Elbette kendimi okurlarıma değil, kendime anlatmaya çalışıyorum.

Benim yaşlarımda bi’ yazarın toplum için fikirler sunabilmesi ve buzdağlarının görünmeyen kısımlarını anlatabilmesi için ilk olarak kendisini tanıması gerektiğini düşünüyorum. Başarılı olduğunu düşündüğümüz birçok yazar öncelikle kendilerini çok iyi tanıyan kişilerdir diye tahmin ediyorum.

Kendini tanımayan insan, insanları anlayamaz ki.

Dolayısıyla genç bir bireyseniz -yazar olmasanız bile- önce kendinizi tanımalısınız şahsıma göre. Böylece, kendinizi tanıdıkça evreni de tanıyor olacaksınız aynı zamanda.

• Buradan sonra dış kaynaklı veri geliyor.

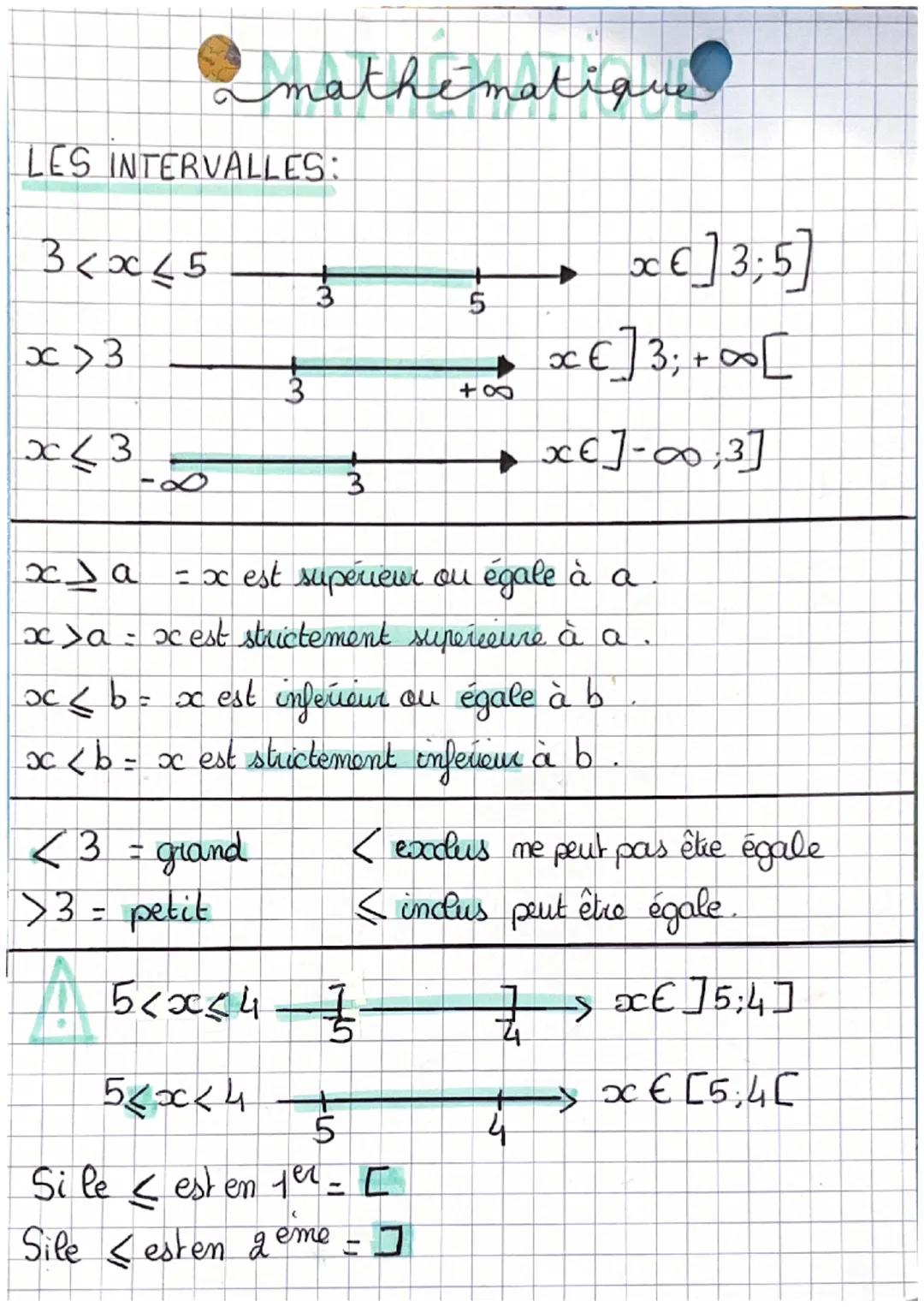 amathématiques
LES INTERVALLES:
3<x<5
x > 3
x <3
3
<3 = grand
>3= petit
A
+3
3
+10.
5<x<4- 1
560024
Si le < est en jer = [
Sile <esten geme
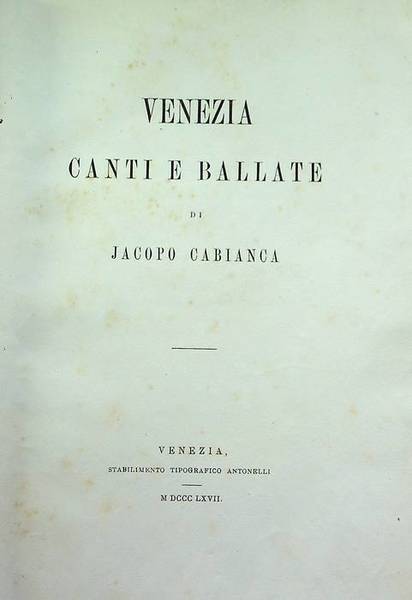 Venezia: canti e ballate.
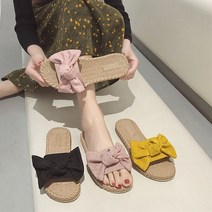 와이제이 국내 당일 발송 보들왕리본 왕리본슬리퍼 왕골 라탄 슬리퍼 실내화 리본슬리퍼 벨벳슬리퍼 3컬러 YJ0116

Deneme yazmaya başlarken düşünmüştüm ve daha kendimi tam olarak tanımıyorken bile hayata ve insana dair kendimden başka bir şey anlatamayacağımı anlamıştım. Okunmak, beğenilmek, birilerinin düşüncelerine dokunabilmek gerçekten çok güzel bir his. Ancak yazdıklarımı kendimden başka kimseye okutma şansım olmasaydı bile şüphesiz yazmaya devam ederdim ben. Zaten insanın kendini tanıma ve geliştirme sergüzeşti sonu olan bir şey değil bence, bu sebepten sanıyorum; yaşıyor oldukça yazıyor olmaya da devam edeceğim.

Yazdığım her bir yazı ile kendimi kendime anlatıyorum, dedim. Her bir yazımda da kendime sesleniyorum aynı zamanda: “Hayal Etmeyi Kes, Uygulamaya Geç”, “Geç Kalma, Aptallık Etme! “, “Evet Dünyayı İyileştiremezsin Ama…“, “Seni En İyi Sen Yetiştirirsin”… Ve çok mutlu olduğum anlarda da yaptığım gibi, hıçkıra hıçkıra ağlarken de açıp kendi yazdıklarımı okuduğum oluyor.

“Bak kendin demişsin, kendin insanlara anlatmışsın” diyorum böyle anlarda kendi kendime. Kişinin kendini tanıma yolunun, yine kendi sesini dinlemesinden geçtiğini öğrendim çünkü.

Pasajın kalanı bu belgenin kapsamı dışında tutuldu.